Troubleshoot Prometheus Issues

Kubernetes cluster monitors are in a DOWN state

When viewing targets in the Prometheus console, some Kubernetes cluster monitors may be down (kube-etcd, kube-proxy, and such). This is likely caused by the configuration of the Kubernetes cluster itself. Depending on the type of cluster, certain metrics may be disabled by default. Enabling metrics is cluster dependent; for details, refer to the documentation for your cluster type.

For example, to enable kube-proxy metrics on kind clusters, edit the kube-proxy ConfigMap.

$ kubectl edit cm/kube-proxy -n kube-system

Replace the metricsBindAddress value with the following and save the ConfigMap.

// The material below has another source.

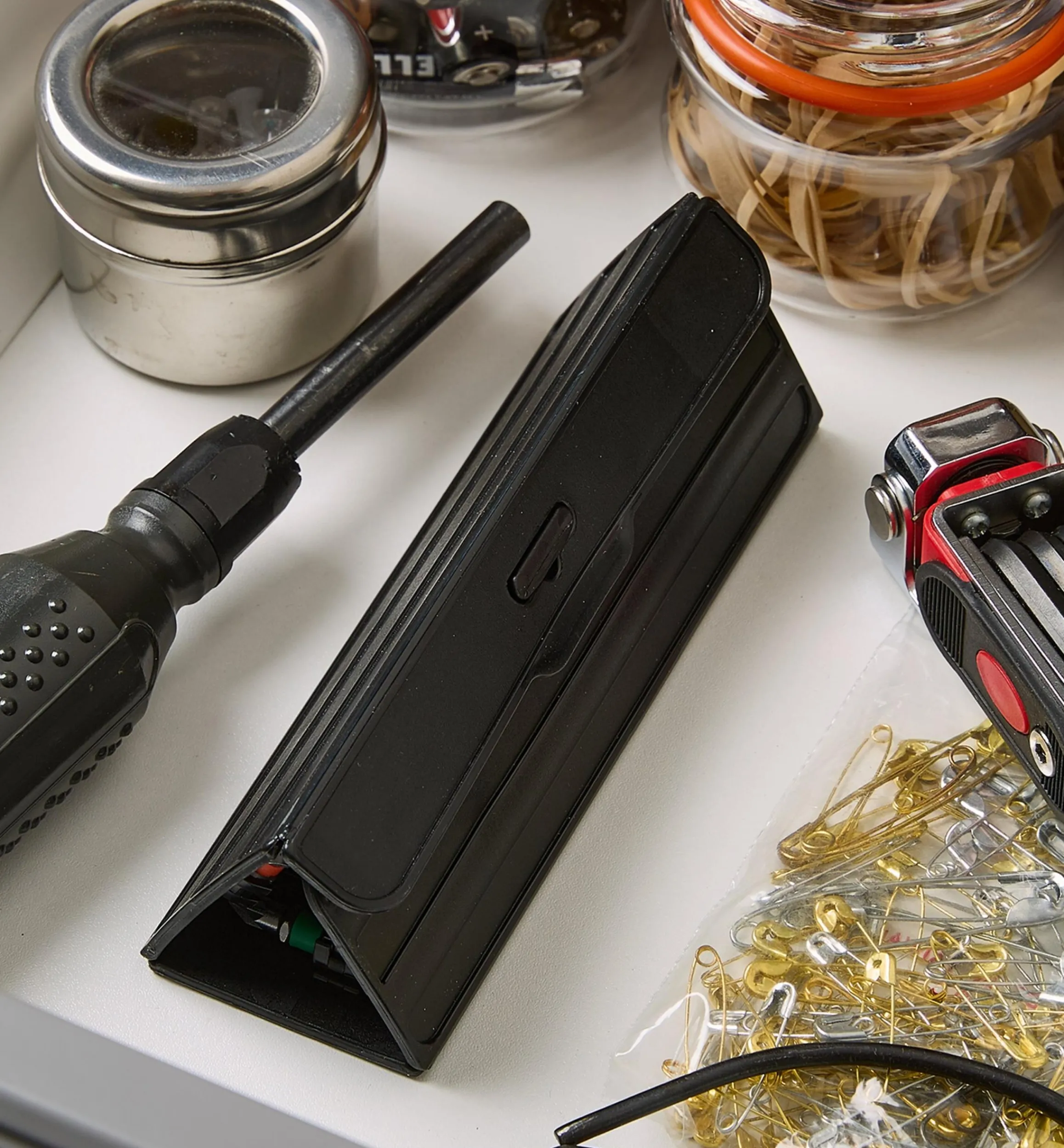 Lee Valley Magnets|Magnets>Magnetic Holder & 1/4" Bit Set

metricsBindAddress: 0.0.0.0:10249

Then, restart the kube-proxy pods.

$ kubectl delete pod -l k8s-app=kube-proxy -n kube-system

For more information, see this GitHub issue.

Metrics Trait Service Monitor not discovered

Metrics Traits use Service Monitors which require a Service to collect metrics. If your OAM workload is created with a Metrics Trait and no Ingress Trait, a Service might not be generated for your workload and will need to be created manually.

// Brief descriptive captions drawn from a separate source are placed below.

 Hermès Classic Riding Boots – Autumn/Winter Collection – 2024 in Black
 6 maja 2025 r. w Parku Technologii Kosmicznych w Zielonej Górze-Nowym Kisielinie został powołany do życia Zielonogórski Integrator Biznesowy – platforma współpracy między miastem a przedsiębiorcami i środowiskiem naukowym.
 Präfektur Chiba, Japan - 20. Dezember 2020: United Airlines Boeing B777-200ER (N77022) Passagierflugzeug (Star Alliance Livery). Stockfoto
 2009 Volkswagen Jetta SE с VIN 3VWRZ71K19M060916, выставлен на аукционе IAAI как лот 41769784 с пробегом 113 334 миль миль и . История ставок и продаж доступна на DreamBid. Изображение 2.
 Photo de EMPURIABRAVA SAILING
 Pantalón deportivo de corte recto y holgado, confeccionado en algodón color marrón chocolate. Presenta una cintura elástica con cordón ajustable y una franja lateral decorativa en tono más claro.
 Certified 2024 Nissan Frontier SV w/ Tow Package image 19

This troubleshooting example uses the hello-helidon application.

Verify a Service Monitor exists for your application workload.

$ kubectl get servicemonitors -n hello-helidon

Verify a Service exists for your application workload.

$ kubectl get services -n hello-helidon

If no Service exists, create one manually. This example uses the default Prometheus port.

apiVersion: v1
kind: Service
metadata:
  name: hello-helidon-service
  namespace: hello-helidon
spec:
  selector:
    app: hello-helidon
  ports:
    - name: tcp-hello-helidon
      port: 8080
      protocol: TCP
      targetPort: 8080

After you’ve completed these steps, you can verify metrics collection has succeeded.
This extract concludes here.